Additional tasks can be dynamically created and inserted into the workflow DAG during execution.

This is achieved by returning a continuation of a DAG. A continuation is something returned by a function and executed after it returns. The continuation feature enables nesting, looping, and recursion within workflows.

The following example shows how to implement the recursive factorial program using dynamically generated tasks:

@ray.remote
def factorial(n: int) -> int:
    if n == 1:
        return 1
    else:
        return workflow.continuation(multiply.bind(n, factorial.bind(n - 1)))

@ray.remote
def multiply(a: int, b: int) -> int:
    return a * b

ret = workflow.create(factorial.bind(10))
assert ret.run() == 3628800

The key behavior to note is that when a task returns a Workflow output instead of a concrete value, that workflow’s output will be substituted for the task’s return.
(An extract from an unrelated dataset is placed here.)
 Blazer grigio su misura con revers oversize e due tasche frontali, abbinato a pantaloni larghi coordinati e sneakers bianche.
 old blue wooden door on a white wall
To better understand dynamic workflows, let’s look at a more realistic example of booking a trip:

@ray.remote
def book_flight(...) -> Flight: ...

@ray.remote
def book_hotel(...) -> Hotel: ...

@ray.remote
def finalize_or_cancel(
    flights: List[Flight],
    hotels: List[Hotel]) -> Receipt: ...

@ray.remote
def book_trip(origin: str, dest: str, dates) ->
        "Workflow[Receipt]":
    # Note that the workflow engine will not begin executing
    # child workflows until the parent task returns.
    # This avoids task overlap and ensures recoverability.
    f1: Workflow = book_flight.bind(origin, dest, dates[0])
    f2: Workflow = book_flight.bind(dest, origin, dates[1])
    hotel: Workflow = book_hotel.bind(dest, dates)
    return workflow.continuation(finalize_or_cancel.bind([f1, f2], [hotel]))
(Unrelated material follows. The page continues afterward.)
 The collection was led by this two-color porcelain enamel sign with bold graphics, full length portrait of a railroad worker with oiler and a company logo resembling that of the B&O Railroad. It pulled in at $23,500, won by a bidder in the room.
fut = workflow.create(book_trip.bind("OAK", "SAN", ["6/12", "7/5"]))
fut.run()  # returns Receipt(...)

Here the workflow initially just consists of the book_trip task. Once executed, book_trip generates tasks to book flights and hotels in parallel, which feeds into a task to decide whether to cancel the trip or finalize it. The DAG can be visualized as follows (note the dynamically generated nested workflows within book_trip):

../_images/trip.png

The execution order here will be: 1. Run the book_trip task. 2. Run the two book_flight tasks and the book_hotel task in parallel. 3. Once all three booking tasks finish, finalize_or_cancel will be executed and its return will be the output of the workflow.

Ray Integration

Mixing workflow tasks with Ray tasks and actors

Workflows are compatible with Ray tasks and actors. There are two methods of using them together:

  1. Workflows can be launched from within a Ray task or actor. For example, you can launch a long-running workflow from Ray serve in response to a user request. This is no different from launching a workflow from the driver program.
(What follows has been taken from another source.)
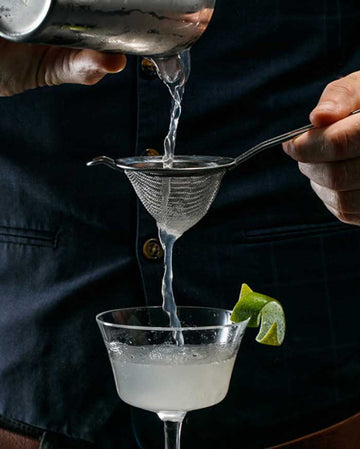 Bartender straining rum mocktail into a glass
  2. Workflow tasks can use Ray tasks or actors within a single task. For example, a task could use Ray Train internally to train a model. No durability guarantees apply to the tasks or actors used within the task; if the task fails, it will be re-executed from scratch.

Passing nested arguments

Like Ray tasks, when you pass a list of Workflow outputs to a task, the values are not resolved. But we ensure that all ancestors of a task are fully executed prior to the task starting:

@ray.remote
def add(values: List[ray.ObjectRef[int]]) -> int:
    # although those value are not resolved, they have been
    # fully executed and checkpointed. This guarantees exactly-once
    # execution semantics.
    return sum(ray.get(values))

@ray.remote
def get_val() -> int:
    return 10

ret = add.bind([get_val.bind() for _ in range(3)])
assert workflow.create(ret).run() == 30

Passing object references between tasks

Ray object references and data structures composed of them (e.g., ray.Dataset) can be passed into and returned from workflow tasks. To ensure recoverability, their contents will be logged to durable storage. However, an object will not be checkpointed more than once, even if it is passed to many different tasks.

@ray.remote
def do_add(a, b):
    return a + b

@ray.remote
def add(a, b):
    return do_add.remote(a, b)

workflow.create(add.bind(ray.put(10), ray.put(20))).run() == 30

Ray actor handles are not allowed to be passed between tasks.

Setting custom resources for tasks

You can assign resources (e.g., CPUs, GPUs to tasks via the same num_cpus, num_gpus, and resources arguments that Ray tasks take):

@ray.remote(num_gpus=1)
def train_model() -> Model:
    pass  # This task is assigned a GPU by Ray.

workflow.create(train_model.bind()).run()